— Work instructions —
What is needed here is an exact copy of every record below.

◇ ◇ ◇ ◇ ◇

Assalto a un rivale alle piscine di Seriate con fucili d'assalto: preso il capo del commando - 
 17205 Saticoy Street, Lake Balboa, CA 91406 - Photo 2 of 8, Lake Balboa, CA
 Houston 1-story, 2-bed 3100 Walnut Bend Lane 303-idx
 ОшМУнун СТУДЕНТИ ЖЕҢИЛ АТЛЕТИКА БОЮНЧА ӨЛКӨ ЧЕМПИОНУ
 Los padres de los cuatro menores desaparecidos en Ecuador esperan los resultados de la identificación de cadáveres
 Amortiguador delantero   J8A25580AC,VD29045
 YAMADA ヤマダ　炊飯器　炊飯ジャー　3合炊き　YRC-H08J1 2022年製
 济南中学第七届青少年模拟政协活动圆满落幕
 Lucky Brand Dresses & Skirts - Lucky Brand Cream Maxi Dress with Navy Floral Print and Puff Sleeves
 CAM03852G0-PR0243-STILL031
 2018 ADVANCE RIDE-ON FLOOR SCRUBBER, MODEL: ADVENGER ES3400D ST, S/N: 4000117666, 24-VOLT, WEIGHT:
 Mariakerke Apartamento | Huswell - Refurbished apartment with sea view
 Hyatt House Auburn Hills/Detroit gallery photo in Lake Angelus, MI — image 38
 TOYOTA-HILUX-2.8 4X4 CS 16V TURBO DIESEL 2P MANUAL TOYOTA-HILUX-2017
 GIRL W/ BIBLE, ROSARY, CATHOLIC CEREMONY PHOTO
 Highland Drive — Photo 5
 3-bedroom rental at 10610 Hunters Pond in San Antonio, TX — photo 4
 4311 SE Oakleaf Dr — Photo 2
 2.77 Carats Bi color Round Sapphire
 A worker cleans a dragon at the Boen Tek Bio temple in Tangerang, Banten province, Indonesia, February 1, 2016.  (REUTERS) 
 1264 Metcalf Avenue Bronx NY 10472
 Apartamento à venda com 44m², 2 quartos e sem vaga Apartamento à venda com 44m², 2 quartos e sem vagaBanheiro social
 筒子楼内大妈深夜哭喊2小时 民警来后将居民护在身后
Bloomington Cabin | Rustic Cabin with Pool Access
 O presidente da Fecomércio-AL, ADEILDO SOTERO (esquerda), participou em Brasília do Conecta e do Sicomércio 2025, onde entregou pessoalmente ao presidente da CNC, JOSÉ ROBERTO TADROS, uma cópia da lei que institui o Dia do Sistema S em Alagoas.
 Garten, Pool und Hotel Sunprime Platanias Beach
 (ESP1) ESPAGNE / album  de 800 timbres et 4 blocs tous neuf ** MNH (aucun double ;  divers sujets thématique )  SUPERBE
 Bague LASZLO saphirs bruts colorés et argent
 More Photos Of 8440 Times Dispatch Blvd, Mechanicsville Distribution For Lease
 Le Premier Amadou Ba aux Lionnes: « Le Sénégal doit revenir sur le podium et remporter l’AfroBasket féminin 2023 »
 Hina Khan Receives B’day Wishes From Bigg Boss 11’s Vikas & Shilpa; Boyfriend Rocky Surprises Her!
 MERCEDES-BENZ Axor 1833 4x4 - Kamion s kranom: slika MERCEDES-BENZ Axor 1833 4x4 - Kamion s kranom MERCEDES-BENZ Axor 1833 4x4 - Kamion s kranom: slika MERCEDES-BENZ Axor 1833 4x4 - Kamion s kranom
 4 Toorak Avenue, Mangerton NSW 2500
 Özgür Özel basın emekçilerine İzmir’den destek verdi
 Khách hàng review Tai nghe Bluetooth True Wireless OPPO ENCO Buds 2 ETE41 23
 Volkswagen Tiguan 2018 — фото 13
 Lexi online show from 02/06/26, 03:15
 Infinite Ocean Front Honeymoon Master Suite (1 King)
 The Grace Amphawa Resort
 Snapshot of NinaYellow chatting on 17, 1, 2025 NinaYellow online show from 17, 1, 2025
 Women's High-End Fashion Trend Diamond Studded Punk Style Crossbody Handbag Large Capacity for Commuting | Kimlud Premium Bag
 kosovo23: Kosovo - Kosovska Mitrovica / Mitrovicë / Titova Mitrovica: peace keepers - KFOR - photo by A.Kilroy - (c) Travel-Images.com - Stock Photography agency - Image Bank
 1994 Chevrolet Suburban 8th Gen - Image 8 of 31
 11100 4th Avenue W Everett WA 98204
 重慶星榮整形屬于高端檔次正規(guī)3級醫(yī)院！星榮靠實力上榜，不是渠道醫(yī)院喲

◇ ◇ ◇ ◇ ◇

— Written solution —
Assalto a un rivale alle piscine di Seriate con fucili d'assalto: preso il capo del commando - 
 17205 Saticoy Street, Lake Balboa, CA 91406 - Photo 2 of 8, Lake Balboa, CA
 Houston 1-story, 2-bed 3100 Walnut Bend Lane 303-idx
 ОшМУнун СТУДЕНТИ ЖЕҢИЛ АТЛЕТИКА БОЮНЧА ӨЛКӨ ЧЕМПИОНУ
 Los padres de los cuatro menores desaparecidos en Ecuador esperan los resultados de la identificación de cadáveres
 Amortiguador delantero   J8A25580AC,VD29045
 YAMADA ヤマダ　炊飯器　炊飯ジャー　3合炊き　YRC-H08J1 2022年製
 济南中学第七届青少年模拟政协活动圆满落幕
 Lucky Brand Dresses & Skirts - Lucky Brand Cream Maxi Dress with Navy Floral Print and Puff Sleeves
 CAM03852G0-PR0243-STILL031
 2018 ADVANCE RIDE-ON FLOOR SCRUBBER, MODEL: ADVENGER ES3400D ST, S/N: 4000117666, 24-VOLT, WEIGHT:
 Mariakerke Apartamento | Huswell - Refurbished apartment with sea view
 Hyatt House Auburn Hills/Detroit gallery photo in Lake Angelus, MI — image 38
 TOYOTA-HILUX-2.8 4X4 CS 16V TURBO DIESEL 2P MANUAL TOYOTA-HILUX-2017
 GIRL W/ BIBLE, ROSARY, CATHOLIC CEREMONY PHOTO
 Highland Drive — Photo 5
 3-bedroom rental at 10610 Hunters Pond in San Antonio, TX — photo 4
 4311 SE Oakleaf Dr — Photo 2
 2.77 Carats Bi color Round Sapphire
 A worker cleans a dragon at the Boen Tek Bio temple in Tangerang, Banten province, Indonesia, February 1, 2016.  (REUTERS) 
 1264 Metcalf Avenue Bronx NY 10472
 Apartamento à venda com 44m², 2 quartos e sem vaga Apartamento à venda com 44m², 2 quartos e sem vagaBanheiro social
 筒子楼内大妈深夜哭喊2小时 民警来后将居民护在身后
Bloomington Cabin | Rustic Cabin with Pool Access
 O presidente da Fecomércio-AL, ADEILDO SOTERO (esquerda), participou em Brasília do Conecta e do Sicomércio 2025, onde entregou pessoalmente ao presidente da CNC, JOSÉ ROBERTO TADROS, uma cópia da lei que institui o Dia do Sistema S em Alagoas.
 Garten, Pool und Hotel Sunprime Platanias Beach
 (ESP1) ESPAGNE / album  de 800 timbres et 4 blocs tous neuf ** MNH (aucun double ;  divers sujets thématique )  SUPERBE
 Bague LASZLO saphirs bruts colorés et argent
 More Photos Of 8440 Times Dispatch Blvd, Mechanicsville Distribution For Lease
 Le Premier Amadou Ba aux Lionnes: « Le Sénégal doit revenir sur le podium et remporter l’AfroBasket féminin 2023 »
 Hina Khan Receives B’day Wishes From Bigg Boss 11’s Vikas & Shilpa; Boyfriend Rocky Surprises Her!
 MERCEDES-BENZ Axor 1833 4x4 - Kamion s kranom: slika MERCEDES-BENZ Axor 1833 4x4 - Kamion s kranom MERCEDES-BENZ Axor 1833 4x4 - Kamion s kranom: slika MERCEDES-BENZ Axor 1833 4x4 - Kamion s kranom
 4 Toorak Avenue, Mangerton NSW 2500
 Özgür Özel basın emekçilerine İzmir’den destek verdi
 Khách hàng review Tai nghe Bluetooth True Wireless OPPO ENCO Buds 2 ETE41 23
 Volkswagen Tiguan 2018 — фото 13
 Lexi online show from 02/06/26, 03:15
 Infinite Ocean Front Honeymoon Master Suite (1 King)
 The Grace Amphawa Resort
 Snapshot of NinaYellow chatting on 17, 1, 2025 NinaYellow online show from 17, 1, 2025
 Women's High-End Fashion Trend Diamond Studded Punk Style Crossbody Handbag Large Capacity for Commuting | Kimlud Premium Bag
 kosovo23: Kosovo - Kosovska Mitrovica / Mitrovicë / Titova Mitrovica: peace keepers - KFOR - photo by A.Kilroy - (c) Travel-Images.com - Stock Photography agency - Image Bank
 1994 Chevrolet Suburban 8th Gen - Image 8 of 31
 11100 4th Avenue W Everett WA 98204
 重慶星榮整形屬于高端檔次正規(guī)3級醫(yī)院！星榮靠實力上榜，不是渠道醫(yī)院喲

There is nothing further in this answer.